The Buckeyes were ranked No. 5 in the preseason AP poll and were the highest ranked team in the Big Ten, while the entire starting lineup was in their final season with the program, including eventual three-time Big Ten Player of the Year Kelsey Mitchell.
In that preseason, the Buckeyes played Urbana and dominated the Blue Knights 135-54 with Mitchell and Stephanie Mavunga leading the way in scoring.
Fast forward two seasons and Ohio State is no longer the favorite. The Buckeyes were not picked to be in the top five of the Big Ten by coaches or the media, and they did not receive even a single vote in the AP poll.
But regardless of the change in expectations, the result remained the same: an 81-point win against Urbana.
On Sunday, in Ohio State’s lone exhibition game before the real season starts, the Buckeyes showed the same dominance that the most talented and experience team the program has had in recent memory did, and they did it with three true freshmen starting.
Ohio State won this exhibition against the Blue Knights 131-50, highlighted by a pair of 25-point performances from freshman guards Jacy Sheldon and Kierstan Bell.
“Getting all our nerves out, that was really fun,” Sheldon said. “Our first time playing a real game was really cool and I think we learned a lot, so we have a lot to build on.”
Sheldon earned her 25 points on 11-of-19 shooting and added eight rebounds and five steals in almost 31 minutes of play, ending with a team-high plus-60.
Bell was slightly more efficient at 10 for 14, and earned four steals in just over 22 minutes.
“We’ve worked hard in the preseason, so just happy to see our kids take some of that stuff we’ve done and put it onto the court today,” Ohio State head coach Kevin McGuff said. “We still have a long, long way to go, but at least I think you could see some of the talent that we have, and we’re very young, so we made a lot of youthful mistakes, but I’m excited about what this team could ultimately end up being.”

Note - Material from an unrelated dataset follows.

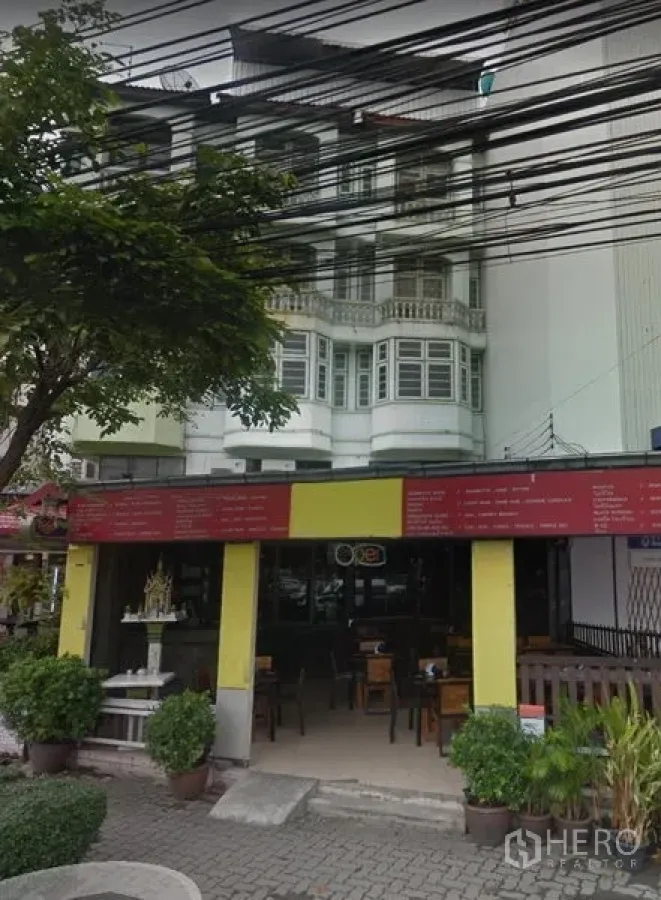 อาคารพาณิชย์ ให้เช่าในKhlong Toei, Bangkok - อาคารพาณิชย์สีขาวหลายชั้น มีหน้าต่างบานโค้ง ชั้นล่างเป็นหน้าร้านเปิดโล่ง มีโต๊ะนั่ง กระถางต้นไม้หน้าร้าน ต้นไม้ริมถนน และสายไฟเหนือศีรษะ.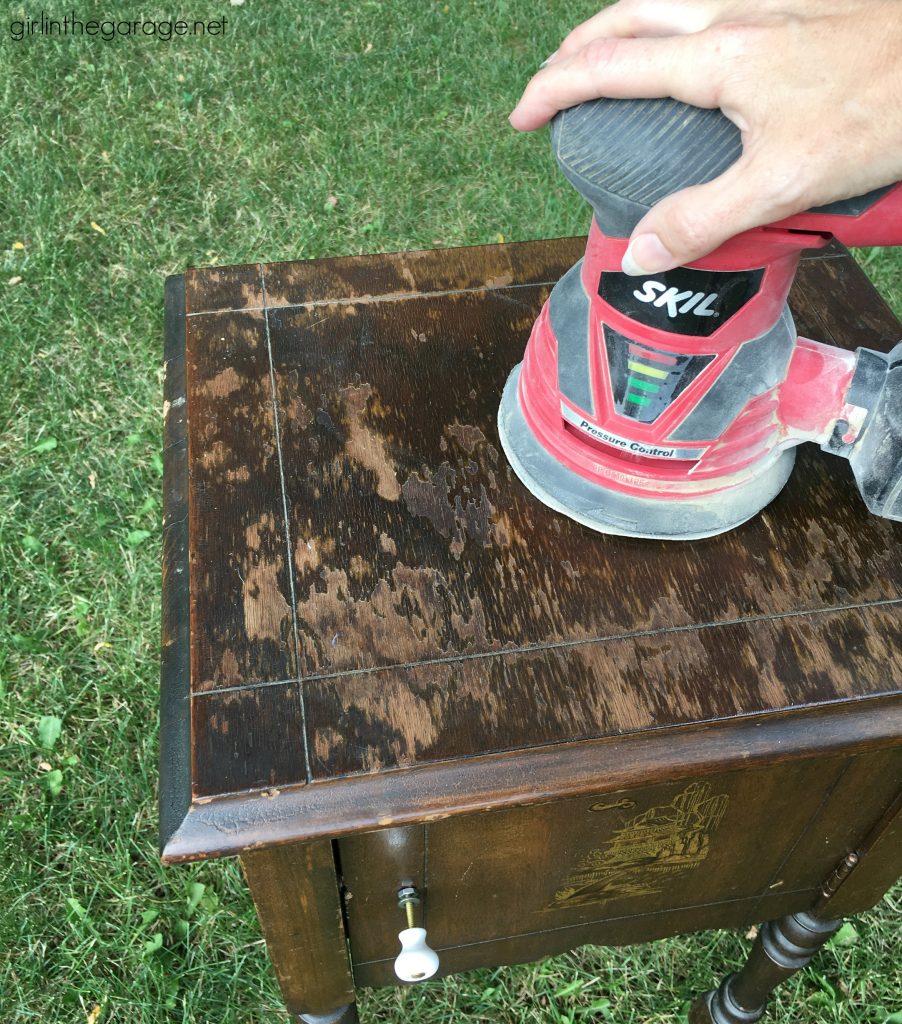 Add amazing custom texture with a raised stencil furniture makeover using spackling from the hardware store. Step by step DIY tutorial for embossed furniture by Girl in the Garage.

The Buckeyes opened the game on a three from Bell on the first possession and never looked back, never losing the lead on their way to shooting 66.3 percent from the field and 42.9 percent from three.
Urbana committed 27 turnovers in the game, which turned into 49 points for Ohio State. For McGuff, he said the team improved in a variety of areas in the past week since the closed scrimmage against Eastern Michigan.

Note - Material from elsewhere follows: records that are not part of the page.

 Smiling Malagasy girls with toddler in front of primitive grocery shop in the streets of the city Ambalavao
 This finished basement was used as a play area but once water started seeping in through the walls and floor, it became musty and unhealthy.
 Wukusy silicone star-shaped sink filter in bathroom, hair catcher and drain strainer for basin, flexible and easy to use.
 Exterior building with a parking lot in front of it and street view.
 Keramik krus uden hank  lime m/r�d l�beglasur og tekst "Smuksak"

“We shot the ball better, we were more efficient on offense and just executed a little bit better, also rebounded a little bit better,” he said. “I thought we got better from last Sunday to this Sunday, and that’s the key for us. With so many new people, we still have a long way to go, but if we just keep improving, I think we’ll end up in a good place.”
Even after being up 66-25 at halftime and being up 98-36 after three quarters, the Buckeyes never took their foot off the gas, something Sheldon said became a focus as the game grew more and more out of hand.
“We focused a lot on staying focused with our play, our game, rebounding, defense are some things we have to get better on,” she said. “We tried to stay focus on that to stay in the game.”
Ohio State opens its season against Valparaiso a week from this exhibition, and go into it without much in the way of expectations from polls or preseason outlooks.
In 2017 that wasn’t the case, and the Buckeyes somewhat underperformed while striving for those lofty goals. That Ohio State team did go 28-7, but none of it mattered after an upset defeat to Central Michigan that cost the Buckeyes a spot in the Sweet 16.
No one knows what Ohio State is going to do this year, but an 81-point win in an exhibition game shows that the sky could be the limit for a team full of youth and potential.